Top 10 der beliebtesten Berufe bei Schülerinnen und Schülern

Der beliebteste duale Ausbildungsberuf bei Bewerberinnen und Bewerbern blieb auch im August weiter die Kauffrau bzw. der Kaufmann für Büromanagement. Bis Ende des Monats hatten sich 6.318 Bewerberinnen und Bewerber auf diesen Beruf als ihre erste Wahl beworben.
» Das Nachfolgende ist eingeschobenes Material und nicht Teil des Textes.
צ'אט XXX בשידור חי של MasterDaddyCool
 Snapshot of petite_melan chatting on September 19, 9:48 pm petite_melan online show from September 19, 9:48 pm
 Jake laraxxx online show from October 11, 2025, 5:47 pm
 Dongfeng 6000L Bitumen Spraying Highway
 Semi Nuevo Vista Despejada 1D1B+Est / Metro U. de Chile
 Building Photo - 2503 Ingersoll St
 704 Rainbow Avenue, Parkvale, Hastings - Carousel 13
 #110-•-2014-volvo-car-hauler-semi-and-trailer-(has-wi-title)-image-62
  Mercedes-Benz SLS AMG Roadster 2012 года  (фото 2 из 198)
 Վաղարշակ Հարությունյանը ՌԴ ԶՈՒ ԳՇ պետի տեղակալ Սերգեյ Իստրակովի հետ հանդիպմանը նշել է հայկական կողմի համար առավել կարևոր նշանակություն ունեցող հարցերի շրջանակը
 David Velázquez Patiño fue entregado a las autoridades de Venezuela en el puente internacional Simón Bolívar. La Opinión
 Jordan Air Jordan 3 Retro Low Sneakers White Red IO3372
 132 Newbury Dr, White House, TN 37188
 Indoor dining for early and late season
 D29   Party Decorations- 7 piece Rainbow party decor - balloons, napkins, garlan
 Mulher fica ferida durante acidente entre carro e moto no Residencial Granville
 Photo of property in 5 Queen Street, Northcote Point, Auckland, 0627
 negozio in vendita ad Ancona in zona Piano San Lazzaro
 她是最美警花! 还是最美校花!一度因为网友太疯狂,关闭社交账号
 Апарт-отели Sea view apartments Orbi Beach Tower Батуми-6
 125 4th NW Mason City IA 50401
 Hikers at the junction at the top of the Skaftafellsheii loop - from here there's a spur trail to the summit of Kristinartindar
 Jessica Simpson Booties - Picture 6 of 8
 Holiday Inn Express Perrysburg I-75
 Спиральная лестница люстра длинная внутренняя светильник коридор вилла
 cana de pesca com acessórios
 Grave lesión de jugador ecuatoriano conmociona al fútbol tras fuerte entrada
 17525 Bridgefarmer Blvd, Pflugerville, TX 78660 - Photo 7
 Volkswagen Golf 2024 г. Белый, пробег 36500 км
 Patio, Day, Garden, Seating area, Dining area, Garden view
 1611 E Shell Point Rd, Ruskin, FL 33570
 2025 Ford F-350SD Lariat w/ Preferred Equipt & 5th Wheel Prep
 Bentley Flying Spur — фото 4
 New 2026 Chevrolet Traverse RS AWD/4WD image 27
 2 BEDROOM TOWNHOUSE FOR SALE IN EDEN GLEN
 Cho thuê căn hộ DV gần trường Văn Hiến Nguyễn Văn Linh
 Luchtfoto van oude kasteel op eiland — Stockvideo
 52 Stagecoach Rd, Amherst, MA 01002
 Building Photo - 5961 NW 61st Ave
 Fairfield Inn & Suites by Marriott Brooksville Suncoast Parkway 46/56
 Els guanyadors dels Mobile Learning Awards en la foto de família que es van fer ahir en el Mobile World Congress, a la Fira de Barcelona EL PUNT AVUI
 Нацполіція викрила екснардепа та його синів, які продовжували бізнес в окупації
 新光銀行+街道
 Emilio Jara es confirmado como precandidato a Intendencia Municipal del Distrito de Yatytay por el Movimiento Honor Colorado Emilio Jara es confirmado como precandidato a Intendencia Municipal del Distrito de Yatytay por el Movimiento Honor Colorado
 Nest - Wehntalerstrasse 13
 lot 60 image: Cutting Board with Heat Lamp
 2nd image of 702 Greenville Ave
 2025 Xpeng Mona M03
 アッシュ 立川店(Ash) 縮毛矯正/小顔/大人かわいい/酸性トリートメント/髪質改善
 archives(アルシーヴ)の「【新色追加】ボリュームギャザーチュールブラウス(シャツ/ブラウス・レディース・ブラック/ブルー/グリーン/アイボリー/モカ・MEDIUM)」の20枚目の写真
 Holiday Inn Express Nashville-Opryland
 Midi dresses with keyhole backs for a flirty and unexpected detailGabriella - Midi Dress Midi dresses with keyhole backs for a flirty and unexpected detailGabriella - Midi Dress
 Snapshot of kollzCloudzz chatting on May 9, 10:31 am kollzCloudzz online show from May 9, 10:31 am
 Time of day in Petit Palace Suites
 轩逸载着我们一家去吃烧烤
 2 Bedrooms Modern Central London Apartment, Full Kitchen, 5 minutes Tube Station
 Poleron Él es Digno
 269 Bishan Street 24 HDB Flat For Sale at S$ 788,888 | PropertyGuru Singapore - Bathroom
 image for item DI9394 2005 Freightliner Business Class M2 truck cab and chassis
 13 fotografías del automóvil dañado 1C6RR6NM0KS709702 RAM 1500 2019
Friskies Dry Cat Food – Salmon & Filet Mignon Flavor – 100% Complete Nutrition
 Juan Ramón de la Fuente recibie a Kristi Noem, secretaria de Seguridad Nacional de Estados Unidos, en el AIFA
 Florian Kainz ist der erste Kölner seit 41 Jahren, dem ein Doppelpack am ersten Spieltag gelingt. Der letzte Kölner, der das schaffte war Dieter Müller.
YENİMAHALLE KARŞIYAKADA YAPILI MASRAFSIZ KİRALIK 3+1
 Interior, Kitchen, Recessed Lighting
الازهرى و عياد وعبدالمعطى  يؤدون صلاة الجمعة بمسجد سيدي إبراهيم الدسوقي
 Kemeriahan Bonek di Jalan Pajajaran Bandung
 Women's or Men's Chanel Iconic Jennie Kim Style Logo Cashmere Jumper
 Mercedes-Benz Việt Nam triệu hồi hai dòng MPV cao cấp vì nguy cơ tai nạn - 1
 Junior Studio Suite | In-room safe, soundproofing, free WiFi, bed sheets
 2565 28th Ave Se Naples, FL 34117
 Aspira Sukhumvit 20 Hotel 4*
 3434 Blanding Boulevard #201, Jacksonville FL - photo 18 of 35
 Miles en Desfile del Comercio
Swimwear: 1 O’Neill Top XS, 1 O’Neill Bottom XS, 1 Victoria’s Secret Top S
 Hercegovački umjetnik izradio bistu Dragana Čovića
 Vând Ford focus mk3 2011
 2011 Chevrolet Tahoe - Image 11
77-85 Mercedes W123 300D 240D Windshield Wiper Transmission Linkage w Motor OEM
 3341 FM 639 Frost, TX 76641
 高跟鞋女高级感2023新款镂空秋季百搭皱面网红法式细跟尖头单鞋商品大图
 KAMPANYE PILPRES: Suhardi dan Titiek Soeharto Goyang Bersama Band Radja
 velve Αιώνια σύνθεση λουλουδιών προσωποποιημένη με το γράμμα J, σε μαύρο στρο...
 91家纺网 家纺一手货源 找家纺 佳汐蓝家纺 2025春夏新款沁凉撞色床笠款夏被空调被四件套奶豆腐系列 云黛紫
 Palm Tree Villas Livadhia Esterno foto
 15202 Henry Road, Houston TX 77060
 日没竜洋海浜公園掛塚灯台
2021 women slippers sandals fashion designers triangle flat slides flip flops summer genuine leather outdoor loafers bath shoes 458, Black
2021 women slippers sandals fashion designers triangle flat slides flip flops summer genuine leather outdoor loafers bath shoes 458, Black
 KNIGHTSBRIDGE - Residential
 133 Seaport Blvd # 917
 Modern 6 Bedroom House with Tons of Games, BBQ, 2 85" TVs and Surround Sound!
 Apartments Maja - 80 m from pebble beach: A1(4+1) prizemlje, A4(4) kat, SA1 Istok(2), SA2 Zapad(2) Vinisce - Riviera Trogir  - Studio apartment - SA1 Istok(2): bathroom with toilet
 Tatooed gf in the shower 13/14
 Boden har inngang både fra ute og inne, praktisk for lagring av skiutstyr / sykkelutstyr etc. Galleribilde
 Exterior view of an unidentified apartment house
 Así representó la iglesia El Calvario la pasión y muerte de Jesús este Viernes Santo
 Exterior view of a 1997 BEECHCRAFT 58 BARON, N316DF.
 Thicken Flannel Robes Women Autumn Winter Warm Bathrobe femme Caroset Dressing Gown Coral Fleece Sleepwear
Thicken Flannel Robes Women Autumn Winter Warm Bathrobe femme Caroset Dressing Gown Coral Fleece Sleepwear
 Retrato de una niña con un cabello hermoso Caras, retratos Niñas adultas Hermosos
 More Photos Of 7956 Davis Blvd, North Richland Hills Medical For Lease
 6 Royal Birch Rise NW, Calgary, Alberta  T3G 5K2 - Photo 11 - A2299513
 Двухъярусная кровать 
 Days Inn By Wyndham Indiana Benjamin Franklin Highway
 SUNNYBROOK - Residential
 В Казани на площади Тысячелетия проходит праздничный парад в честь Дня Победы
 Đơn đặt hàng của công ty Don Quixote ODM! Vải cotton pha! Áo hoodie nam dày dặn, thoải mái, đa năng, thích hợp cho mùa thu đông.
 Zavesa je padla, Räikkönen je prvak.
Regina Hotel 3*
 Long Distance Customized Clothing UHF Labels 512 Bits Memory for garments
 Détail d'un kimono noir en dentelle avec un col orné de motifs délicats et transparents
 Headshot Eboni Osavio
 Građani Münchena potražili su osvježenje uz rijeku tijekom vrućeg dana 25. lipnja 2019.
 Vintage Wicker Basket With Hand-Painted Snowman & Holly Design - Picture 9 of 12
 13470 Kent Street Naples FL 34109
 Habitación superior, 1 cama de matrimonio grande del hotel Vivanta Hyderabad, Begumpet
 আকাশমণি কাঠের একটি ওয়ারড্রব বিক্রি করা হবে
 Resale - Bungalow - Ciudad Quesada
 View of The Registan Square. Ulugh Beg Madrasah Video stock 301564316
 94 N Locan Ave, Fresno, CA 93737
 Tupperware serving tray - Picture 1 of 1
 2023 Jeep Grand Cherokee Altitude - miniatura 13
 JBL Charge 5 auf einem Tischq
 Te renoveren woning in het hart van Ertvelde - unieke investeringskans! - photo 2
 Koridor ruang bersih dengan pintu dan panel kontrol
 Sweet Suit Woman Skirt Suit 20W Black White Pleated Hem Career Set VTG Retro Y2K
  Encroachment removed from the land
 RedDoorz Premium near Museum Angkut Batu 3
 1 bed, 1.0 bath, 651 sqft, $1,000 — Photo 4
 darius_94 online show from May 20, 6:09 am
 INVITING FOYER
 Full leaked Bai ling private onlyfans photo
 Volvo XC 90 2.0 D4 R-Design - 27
Auf Platz 2 der Favoriten der Schülerinnen und Schüler lag der Beruf der/des Medizinischen Fachangestellten mit 4.722 Bewerberinnen und Bewerbern. Die Ausbildung zur/zum KFZ-Mechatroniker/in liegt mit 4.638 Bewerberinnen und Bewerbern auf Rang drei.

Neben dieser klassischen Wahl haben es aber auch Berufe wie die Elektroniker/in für Energie- und Gebäudetechnik mit 2.602 Bewerberinnen und Bewerbern oder die Ausbildung zur/zum Anlagenmechaniker/in Sanitär, Heizungs- und Klimatechnik in die Top 10 geschafft.

Top 10 der von Unternehmen angebotenen Ausbildungsstellen

An Nummer eins bei den angebotenen Ausbildungsstellen steht seit jetzt drei Monaten die Ausbildung zur/zum Kauffrau/mann im Einzelhandel mit aktuell 6.872 Stellenangeboten. Auf Rang 2 folgte die/der Verkäufer/in mit 6.858 Ausbildungsplätzen. Weiterhin auf Platz 3 stand im August der Ausbildungsberuf Kaufmann/Kauffrau für Büromanagement.